Original Puzzle

F6 8 (C5,D2,E9)

G8 8 (B7,E9,H1)

I4 8 (C5,F6,G8)

A3 8 (B7,C5,H1)

E2 4 (D9,E4)

D1 1 (E6,F5,H1)

C2 1 (B9,H3)

D3 6 (A2)

F2 5 (what's left in box)

F5 6 (D3,E7)

D5 3 (C4,E3)

I9 6 (C8,E7,H4)

G1 6 (D6,H4,I9)

G3 2 (Phan 2's H5/6, I8)

I3 5 (C1,F2)

I1 4 (E2)

B2 2 (F1,G3) Hard part, Phantom 5,9 in D8,E8 because of 5,9 in row F. Thus, both 5,9 are blocked elsewhere in column 8. The 5 at C1 blocks all of row C, so phantom 5’s must exist at either A7 or A9, blocking row A elsewhere.

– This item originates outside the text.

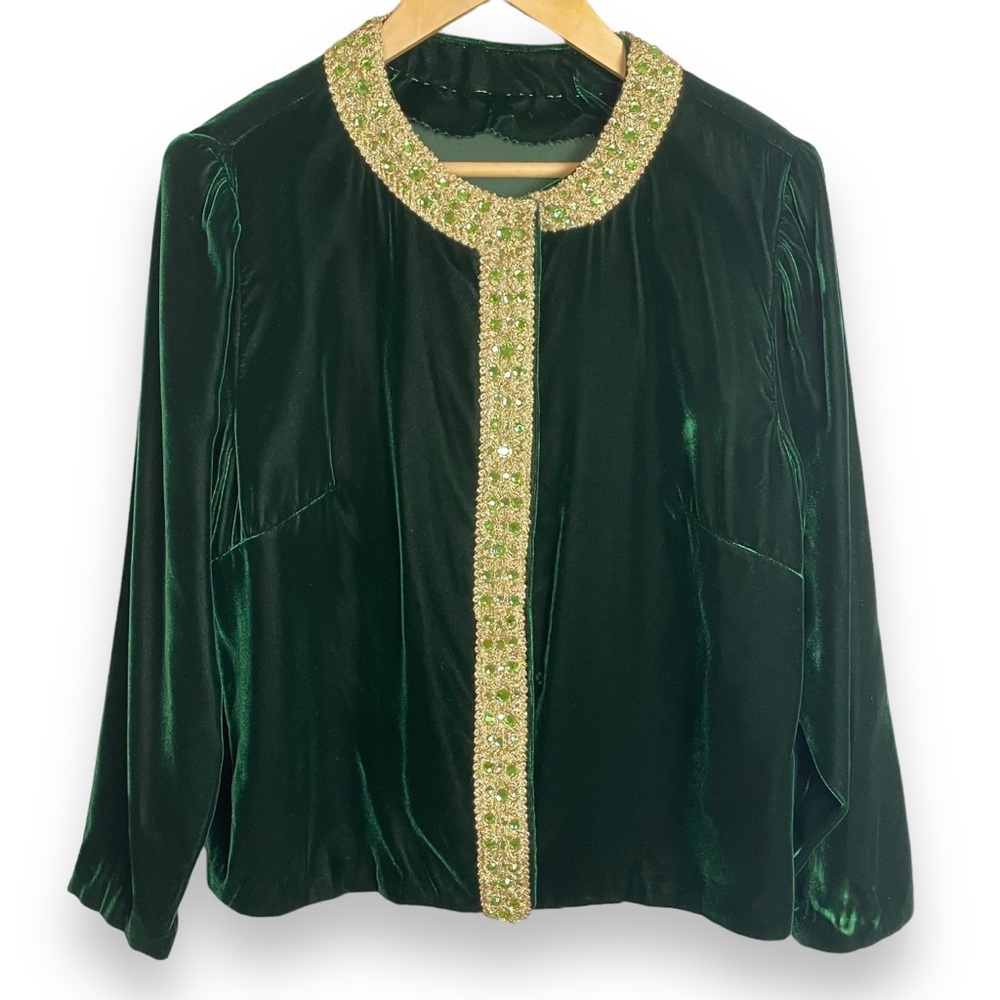 Handmade Velvet Jacket Green Gold Trim Women Crop Sleeve Christmas Holiday Snaps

H6 5 (5's blocked by A?,C1,I3) Where can 5 go in column 6 ?? Only at H6. A? means the phantom 5 in either A7 or A9.

G7 5 (H6,I3)

A9 5 (A7 blocked by G7) Either A7 or A9 must be a 5, so G7 forces 5 at A9.

G4 1 (what's left in row G)

A5 1 (B9,C2,G4,E6)

H5 2 (I8) 2 in I8 blocks bottom row, forcing 2 at H5.

C9 2 (D7,I8)

I7 1 (B9,F8)

I6 3 (D5) 3 in D5 forces 3 at I6.

I5 9 (what's left in box)

I2 7 (what's left in row I)

H2 9 (what's left in box)

E5 5 (phan 5/9 pair in D4,E5) 9 in I5 eliminates the possibility of E5 being a 9, so it must be 5.

D4 9 (what's left in box)

D8 5 (what's left in row D)

E8 9 (what's left in row E)

B4 5 (A9,C1,E5,H6)

A4 7 (what's left in col 4)

B5 4 (what's left in col 5)

A6 2 (B2,C9)

C6 9 (what's left in box)

B3 7 (phan 4/7 pair in B3,C3) 4 in B5 blocks 4 in B3, so B3 must be 7.

C3 4 (what's left in col 3)

A7 9 (C6,E8,G9)

B1 9 (A7)

A1 3 (what's left in box)

A8 4 (what's left in row A)

B8 3 (what's left in row B)

C7 7 (what's left in box)

F7 3 (phan 3/7 in row F) C7 is 7, so F7 can NOT be 7 of the 3/7 pair. So, F7 must be 3.

F9 7 (what's left in box)

(row H completed by columns) A8,D9 give H7=4; C7,F9 give H8=7; B8,F7 give H9=3. Puzzles Solved.